Excellent: the ddns account is present but cannot be interactively logged into, the key files are readable (but not writeable or executable) only to it, and the script is executable (but not writeable) only to it. Now that the permissions are correct, it's time to do a test run - we'll run the script manually (using sudo to do so as the user ddns, just like the cron job will) before we set it up to run automatically.
Testing the script manually
coloserver# sudo -u ddns /usr/bin/perl /usr/home/ddns/ddns-failover.pl WAN1 [128.32.64.5]: 94.302ms WAN2 [144.69.42.18]: 85.341ms SET office.bsdcompany.com: WAN2 coloserver# ping -qc 1 office.bsdcompany.com PING office.bsdcompany.com (144.69.42.18): 56 data bytes --- office.bsdcompany.com ping statistics --- 1 packets transmitted, 1 packets received, 0% packet loss round-trip min/avg/max/stddev = 85.038/85.038/85.038/0.000 ms
Perfect! Now, the BSDcompany folks force an apparent fail condition on WAN2 to make sure it fails over properly:
coloserver# nsupdate -k Koffice.bsdcompany.com.+157+15661.private > update delete dsl-ip.office.bsdcompany.com > send > quit coloserver# sudo -u ddns /usr/bin/perl /usr/home/ddns/ddns-failover.pl WAN1 [128.32.64.5]: 98.213ms WAN2 [NO HOST FOUND]: NO RESPONSE SET office.bsdcompany.net: WAN1 coloserver# ping -qc 1 office.bsdcompany.com PING office.bsdcompany.com (128.32.64.5): 56 data bytes --- office.bsdcompany.com ping statistics --- 1 packets transmitted, 1 packets received, 0% packet loss round-trip min/avg/max/stddev = 97.188/97.188/97.188/0.000 ms
Good! Now they force WAN1 to apparently fail at the same time, to ensure the record is deleted entirely if both WANs go down (so you get an immediate failure response if both WANs are down, instead of having to wait for a pointless and possibly very lengthy network timeout first):
coloserver# nsupdate -k Koffice.bsdcompany.com.+157+15661.private > update delete cable-ip.office.bsdcompany.com > update delete dsl-ip.office.bsdcompany.com > send > quit coloserver# sudo -u ddns /usr/bin/perl /usr/home/ddns/ddns-failover.pl WAN1 [NO HOST FOUND]: NO RESPONSE WAN2 [NO HOST FOUND]: NO RESPONSE DELETE office.bsdcompany.net coloserver# ping -qc 1 office.bsdcompany.com ping: cannot resolve office.bsdcompany.com: Unknown host
Outstanding.
Installing and running the crontab
Now that we've thoroughly tested our script, we can set it up as a crontab to run once per minute, just like the crontab that runs set-ddns.pl on the server inside the office to update cable-ip and dsl-ip.

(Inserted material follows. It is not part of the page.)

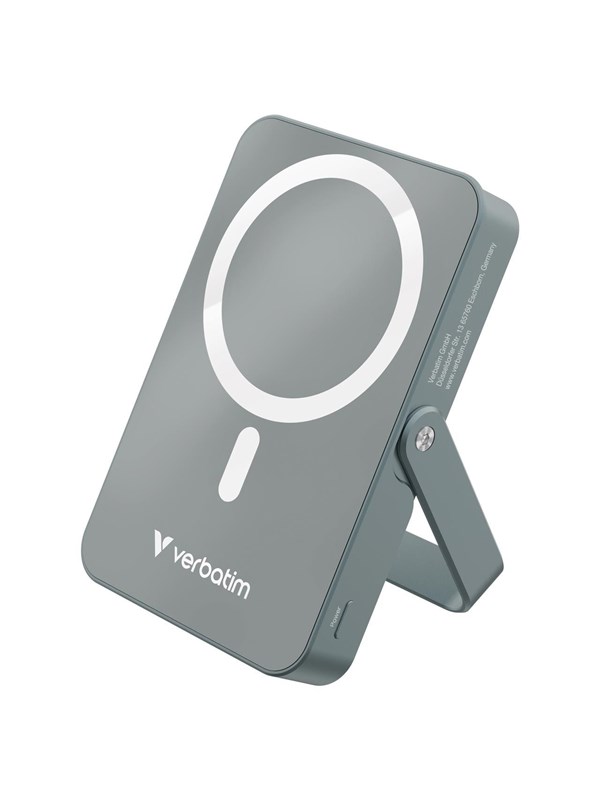 Verbatim Charge 'n' Go wireless power bank - magnetic with stand - Li-pol - 24 pin USB-C - 20 Watt - 10000 mAh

coloserver# crontab -u ddns -e
* * * * * /usr/bin/perl /usr/home/ddns/ddns-failover.pl > /dev/null
To be completely thorough, now we'll break the record one last time and let the cron job fix it behind us:
coloserver# nsupdate -k Koffice.bsdcompany.com.+157+15661.private > update delete office.bsdcompany.com A > send > quit coloserver# date Tue May 23 04:17:48 EDT 2006 coloserver# ping -qc 1 office.bsdcompany.com ping: cannot resolve office.bsdcompany.com: Unknown host coloserver# date Tue May 23 04:18:03 EDT 2006 coloserver# ping -qc 1 office.bsdcompany.com PING office.bsdcompany.com (144.69.42.18): 56 data bytes --- office.bsdcompany.com ping statistics --- 1 packets transmitted, 1 packets received, 0% packet loss round-trip min/avg/max/stddev = 86.338/86.338/86.338/0.000 ms
As soon as the minute ticked over, our crontab fired up and did what it's supposed to. So now that we've thoroughly tested both the script and the tab that runs it, we can forget about it and just use our failover A record without having to think about it anymore.